**To do**
Without including any pictures, give back all of the data exactly.

**Supplied data**
□ □ □ □ □
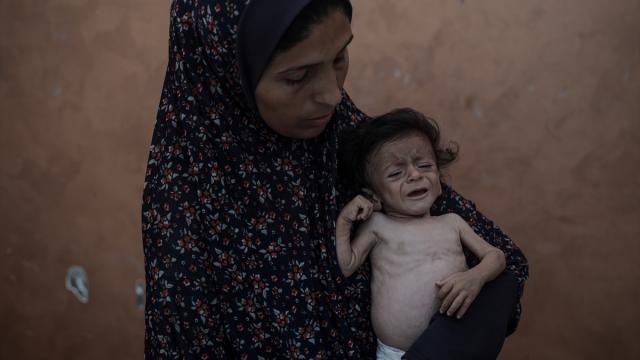 Gazze’de 5 aylık bebek açlık nedeniyle hayati tehlike altında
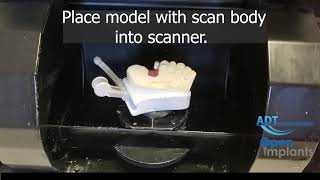 How to scan an implant case using Open Implants Scan Bodies by ADT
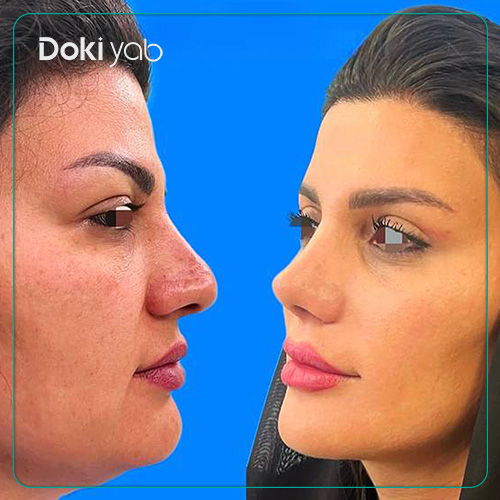 نمونه کار جراحی بینی نیمه فانتزی دکتر مجتبی قائدی در شیراز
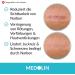 Medolin Scar Ointment - Reduce Scar Visibility | Certified EU Scar Angel | Easy Application 19g - Buy Online on GoSupps.com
□ □ □ □ □
**The completed task**
 Gazze’de 5 aylık bebek açlık nedeniyle hayati tehlike altında
 How to scan an implant case using Open Implants Scan Bodies by ADT
 نمونه کار جراحی بینی نیمه فانتزی دکتر مجتبی قائدی در شیراز
 Medolin Scar Ointment - Reduce Scar Visibility | Certified EU Scar Angel | Easy Application 19g - Buy Online on GoSupps.com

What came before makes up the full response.